New collaborative work between researchers in equine medicine, maths, physics and stem cell biology has resulted in a clearer understanding of how equine hooves grow and how abnormal hoof shapes may develop.
The lead author Dr Cyril Rauch said: “With new scientific inputs from physics, mathematics and biology, this study provides an entirely new paradigm regarding hard growing tissues such as the horse hoof, which can be applied across cattle, sheep and other species, to unify a set of apparently disparate conditions and clarify the roles of physics and/or biology.”
Nicola Menzies-Gow said: “We believe that this novel approach has the potential to provide alternative directions to follow with respect to understanding chronic hoof pathologies.”
The study published in the prestigious Royal Society Interface Journal and entitled ‘Physics of animal health: On the mechanobiology of hoof growth and form’ was conducted by the School of Veterinary Medicine and Science at University of Nottingham in collaboration with the WALTHAM Centre for Pet Nutrition and the Royal Veterinary College.
Combining mathematics, physics and biology using hooves from horses euthanased for non-research purposes, the study revealed how it is possible for the hoof growth rate to be greater than the potential proliferation rate of epithelial cells. It also explained how the synthesis of the hoof capsule starts from the coronet and that the soft papillae undergo gradual transition through three interpapillary regions into hard keratinised tissue. Mathematics, physics and cell biology were then utilised in the study to explain and describe how the dorsal hoof wall can grow in a curved manner rather than the usual straight manner as a result of faster growth from the coronary band at the quarters compared to the toe region.
Evaluation of the feet from live underweight and obese subjects (assessed using Body Condition Scoring) allowed the influence of body weight on the balances of the stresses affecting hoof growth to be evaluated. The results suggest that being proportionally heavier may promote straighter hoof growth and that being too lean may precipitate poor hoof growth and the development of a hoof with a dorsal curved shape.

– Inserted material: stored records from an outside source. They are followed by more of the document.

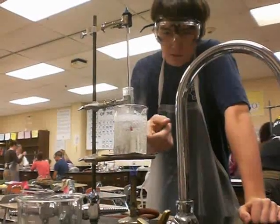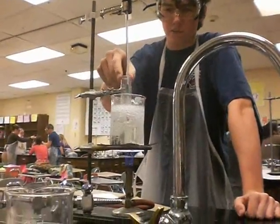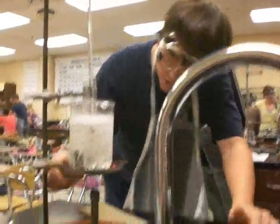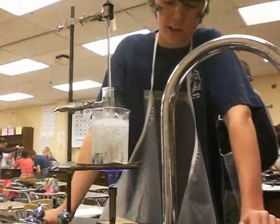We got a bunch of burning right here — burning this water, just water burning. Got some kind of acid in this one right here. It's kind of hot, about 95 degrees Celsius right now inside the tube, and pretty soon the liquid inside this tube is going to solidify.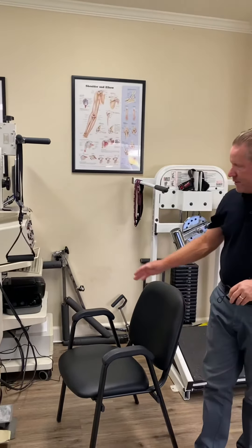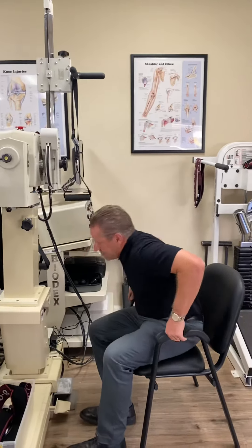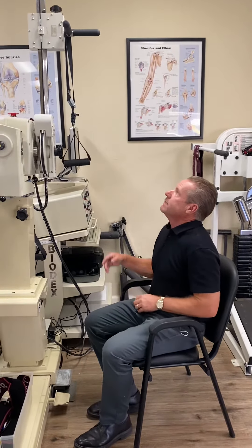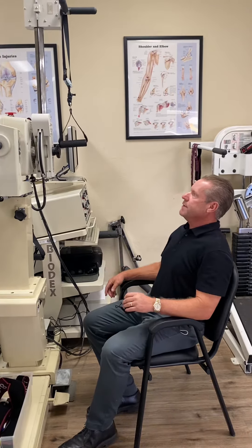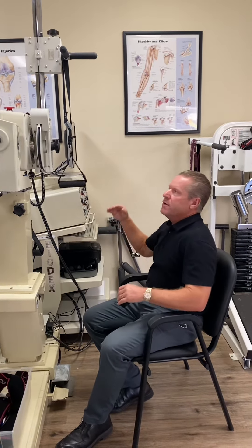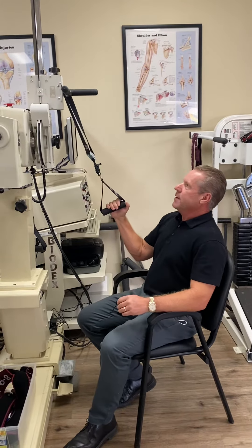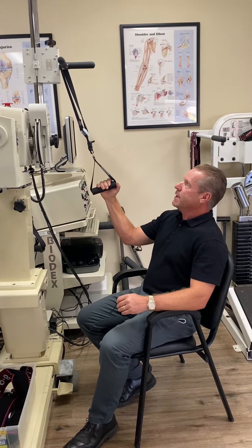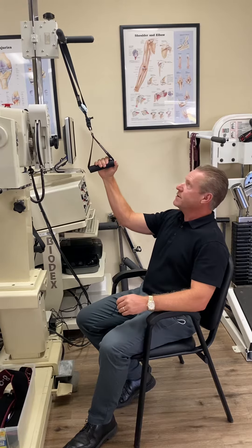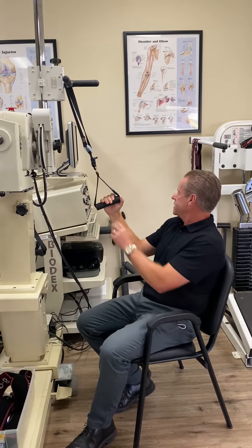Sabrina had a good idea — we could use this as a sit-down station as well. So you have the person seated, you've established the range of motion that you feel is appropriate. You want to do less range of motion first, so I'm here. Let it cycle — notice I just turned it down to about 60%.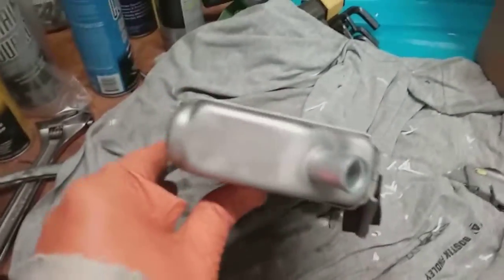All right guys, part two of my radiator repair. As I mentioned earlier, I got a little bit of a wave in it. See the nice little twist I got going on there? Looks cool, huh?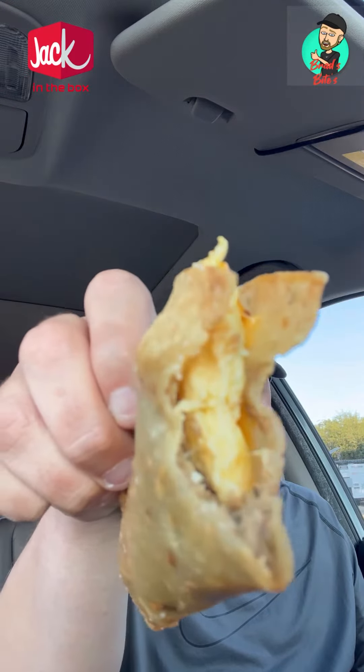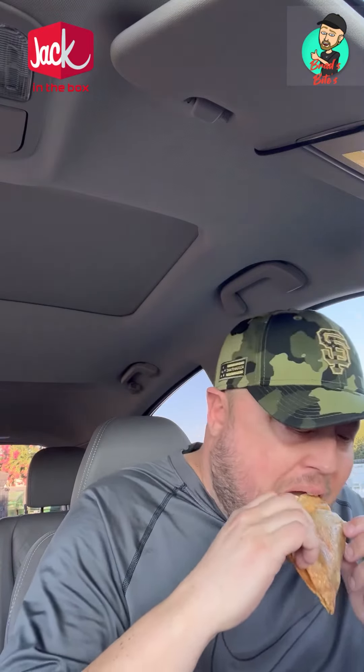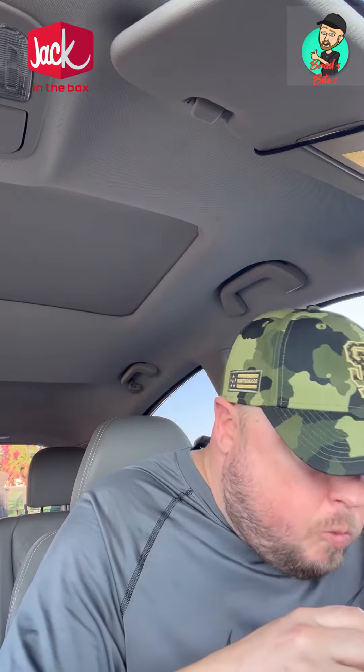Good crunch. More sausage there. The egg is nice and fluffy. We'll try some taco sauce on it.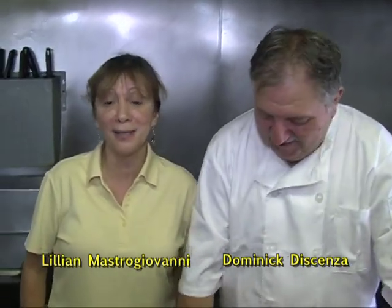Hi everybody, here we are at Sapporo Ravioli doing another episode of Eat My Pasta. Dominic, we're back here in the kitchen. What are you making today?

The study also showed that a high concentration of insulin stimulated equine progenitor keratinocytes (the outermost layer of cells on the hoof wall) to grow in culture. If this also happens chronically within the live animal, it is possible that it could affect the growth stresses within the hoof and so promote a dorsal curved hoof shape.
“These results taken together can explain how the hoof grows and how it is possible for it to develop a dorsal curvature,” said Nicola. “However, it should be acknowledged that this does not take into account the genetic or metabolic influences on hoof growth nor the role of hoof trimming and shoeing in maintaining a mechanically healthy hoof. It is appreciated that the underlying biology of hoof growth remains an essential factor for hoof pathologies.”
Dr Cyril Rauch continued: “Given that the hoof is a weight bearing element it is essential to untangle the biology from the physics in this system; only then can meaningful biological and/or physical causes be prescribed for particular hoof shape. Removing the cause(s) when physically or biologically possible is essential to resolve hoof conditions.”